• _Problem to solve_:
Find the line with "Kullerbu Pauline's Convertible" in the entries below, then output every line from it down to the line with "TOYOTA Bed Rail Wire Hider", exactly and with no pictures.

• _Data under study_:
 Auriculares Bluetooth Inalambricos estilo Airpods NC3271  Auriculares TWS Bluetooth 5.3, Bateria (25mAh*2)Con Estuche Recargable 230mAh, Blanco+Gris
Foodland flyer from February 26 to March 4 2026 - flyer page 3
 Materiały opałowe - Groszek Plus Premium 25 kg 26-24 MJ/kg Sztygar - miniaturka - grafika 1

--

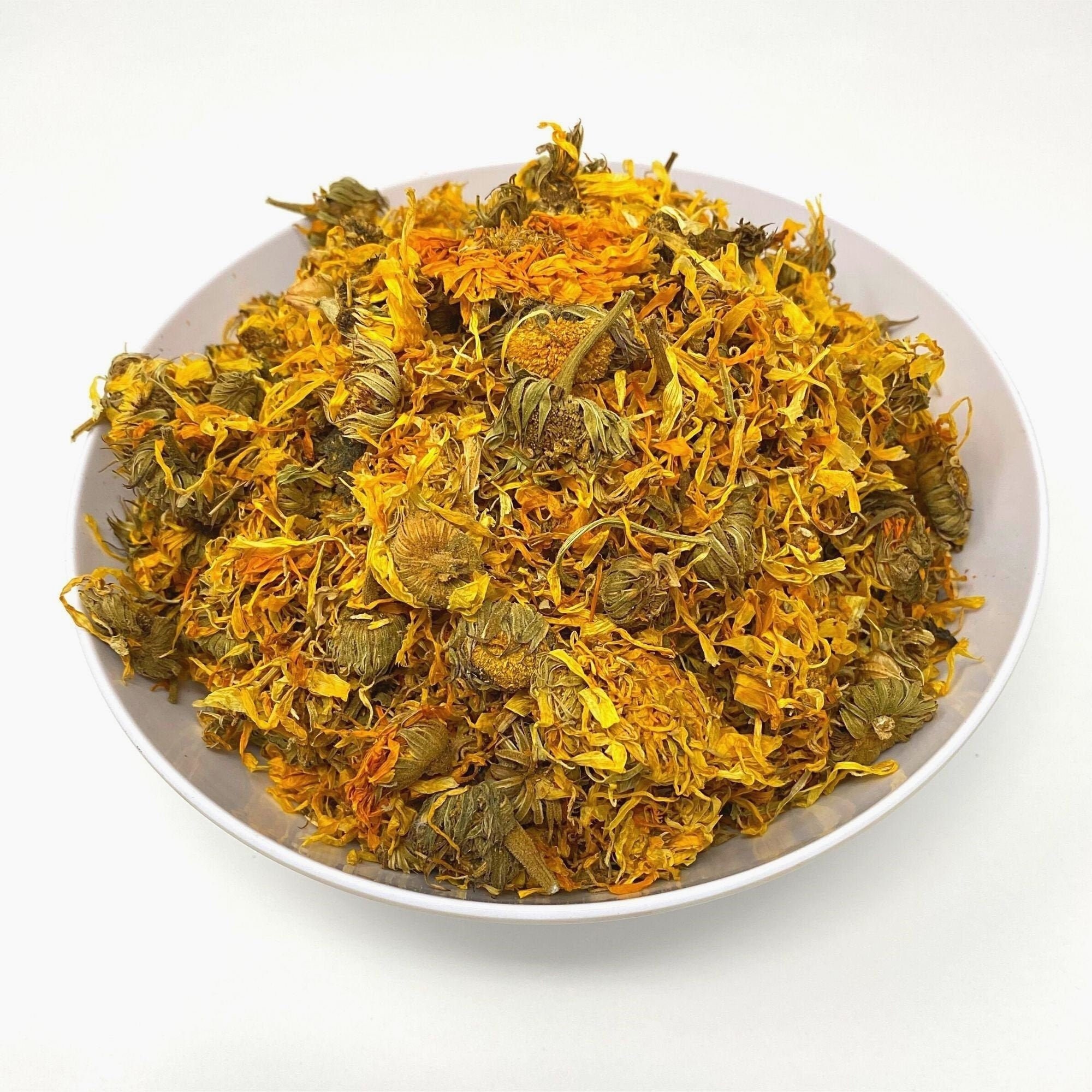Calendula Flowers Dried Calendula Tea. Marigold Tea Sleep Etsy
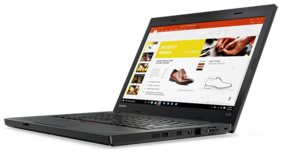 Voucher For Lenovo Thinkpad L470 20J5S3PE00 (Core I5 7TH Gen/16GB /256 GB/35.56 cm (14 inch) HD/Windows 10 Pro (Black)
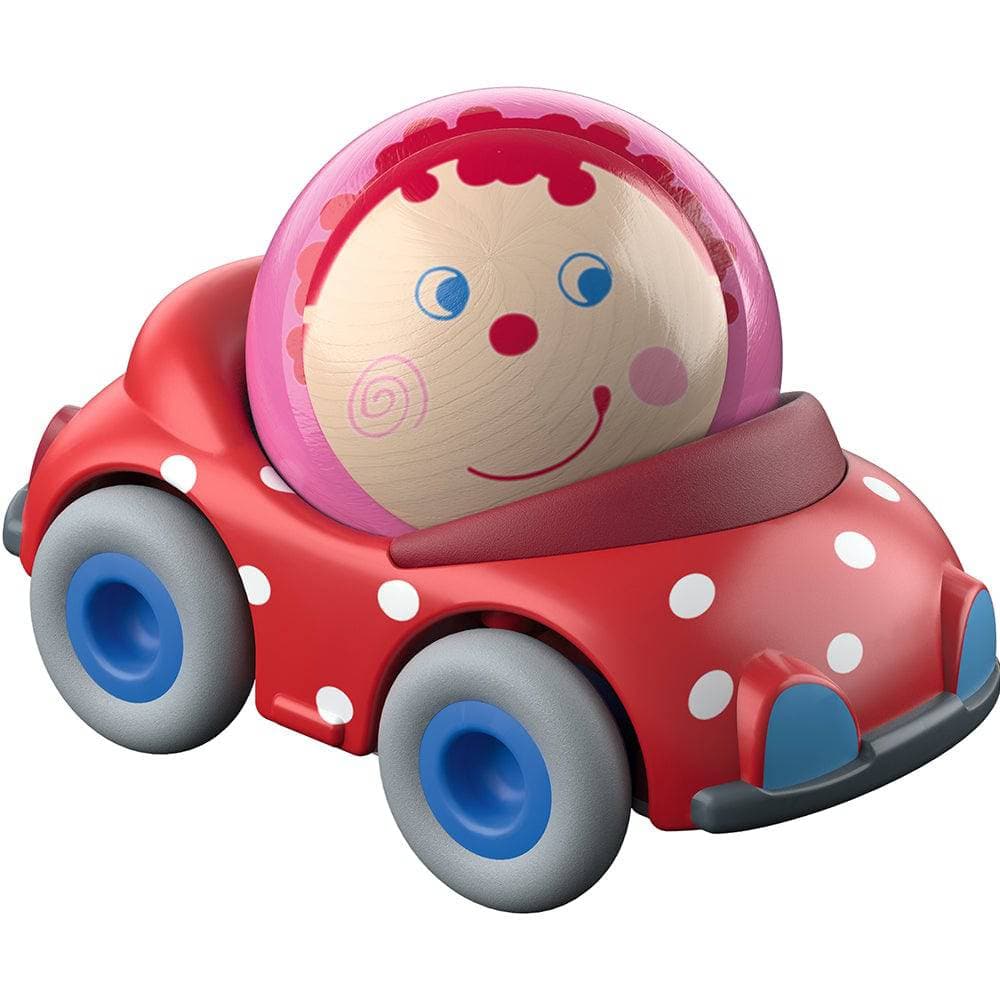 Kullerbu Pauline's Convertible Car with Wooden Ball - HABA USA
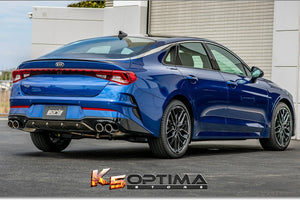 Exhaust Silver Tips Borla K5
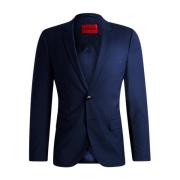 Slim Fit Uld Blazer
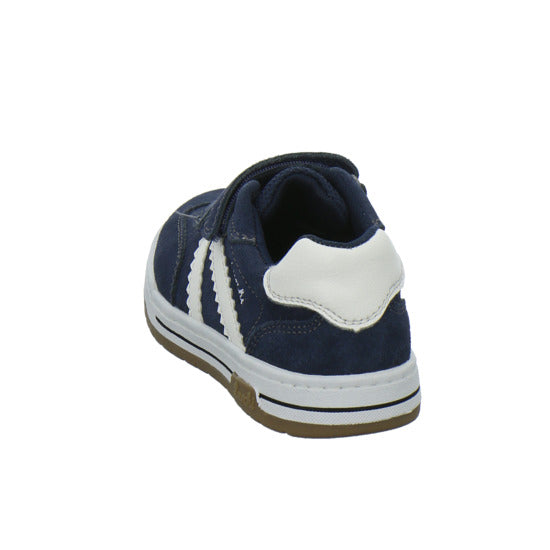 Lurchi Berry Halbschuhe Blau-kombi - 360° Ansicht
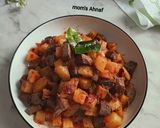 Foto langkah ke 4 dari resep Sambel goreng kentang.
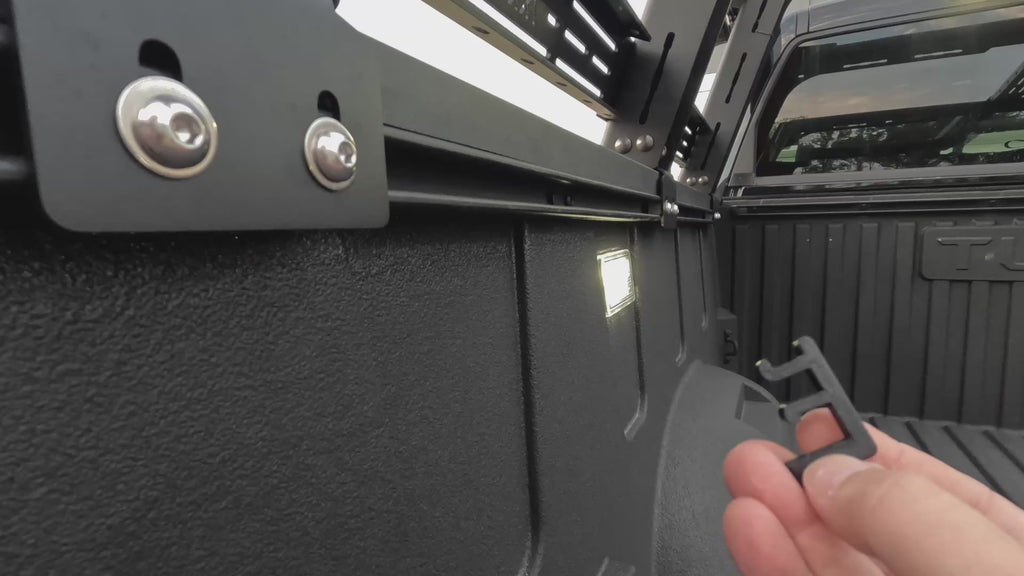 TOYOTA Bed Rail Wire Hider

• _Exercise result_:
 Kullerbu Pauline's Convertible Car with Wooden Ball - HABA USA
 Exhaust Silver Tips Borla K5
 Slim Fit Uld Blazer
 Lurchi Berry Halbschuhe Blau-kombi - 360° Ansicht
 Foto langkah ke 4 dari resep Sambel goreng kentang.
 TOYOTA Bed Rail Wire Hider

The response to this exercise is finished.